For that matter there’s the fact that you live with your parents. And? Why would that make you a loser, exactly? More than half of 18 – 29 year olds live at home; this is hardly a mark of shame, especially when you consider that you’re a college student in a stagnant economy. Rents are skyrocketing, real estate is priced out of reach for immense swaths of the population and college degrees are expensive as hell. The idea that you, at 21, should be capable of working a job that will pay enough for you to have a place by yourself while also attending college – full-time or part time – is a hell of a stretch, and most folks out there can’t swing that.

You say you feel like you’ve regressed to being 13 and… ok, that’s understandable. But the reasons for this are hardly outside of your control. Your parents are doing the lion’s share of the cooking, cleaning, housework and yardwork? There’s no reason why you can’t take some of that on, starting today! Unless you’ve left something out, there’s nothing stopping you from taking over the yardwork or doing more chores or even starting to do at least some of the cooking. Hell, this would actually do you a world of good by helping prepare you for when you are out on your own.
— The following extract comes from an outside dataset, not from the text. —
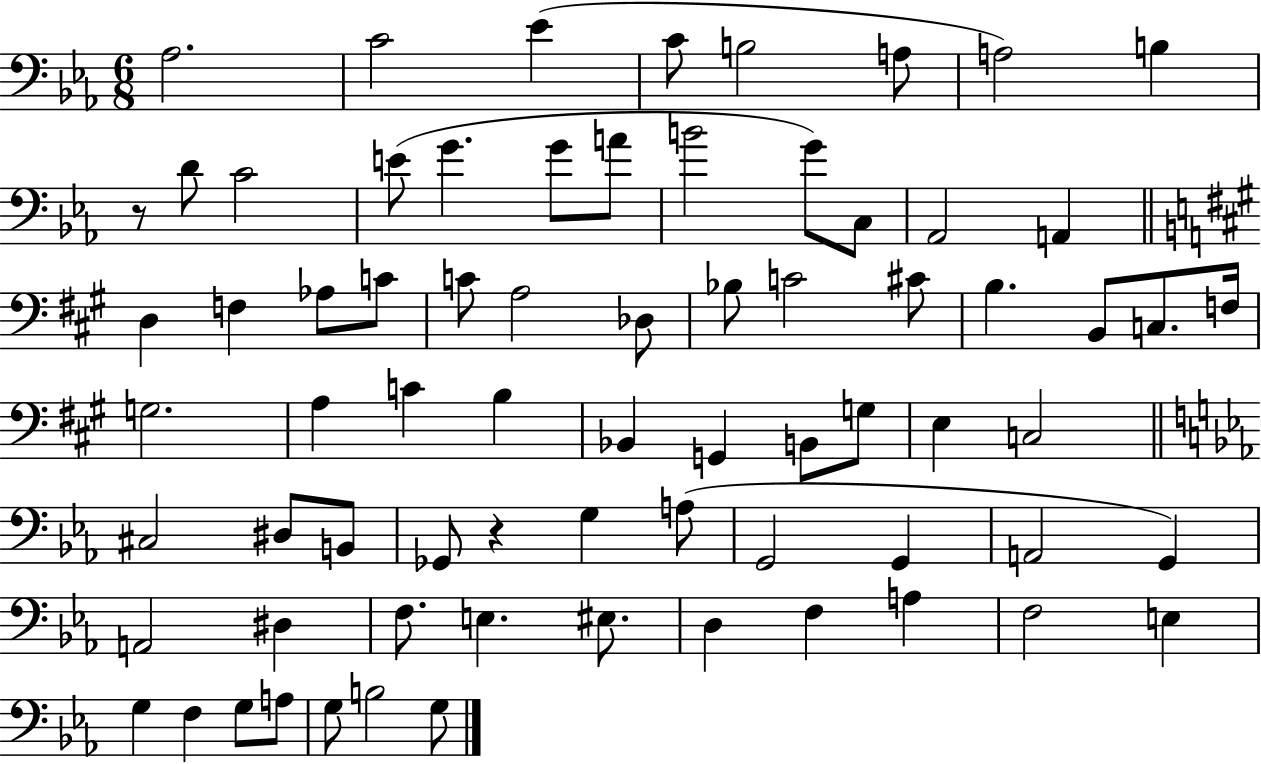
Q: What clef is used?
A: bass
Knowing how to cook and cook well is an invaluable skill and goes a long way towards dispelling the idea of male bachelorhood being some slovenly existence requiring their romantic partners to be surrogate parents.

You did weird shit your freshman year in order to try to stand out and connect with folks? Ok… so? That’s part and parcel of the college experience. I can’t tell you the number of folks I met in college who were choosing to be weird and eccentric because fuck it, why not? Weird Hat Boy, dudes rocking Harris tweed suits, handlebar mustaches and Meerschmidt pipes, the hippie revivalists who thought smoking weed was a personality, the Activists Without A Cause, the Weebs… a fake accent may be a bit cringe, sure, but in the grand spectrum of Weird-Ass Behavior, it’s pretty low on the list compared to the dude who insisted on riding a unicycle everywhere in the dead of winter. You can’t chuck a rock at a gaggle of college graduates without hitting at least five people who have some heavy cringe in their past. Don’t kill the part of you that is cringe, kill the part of you that cringes.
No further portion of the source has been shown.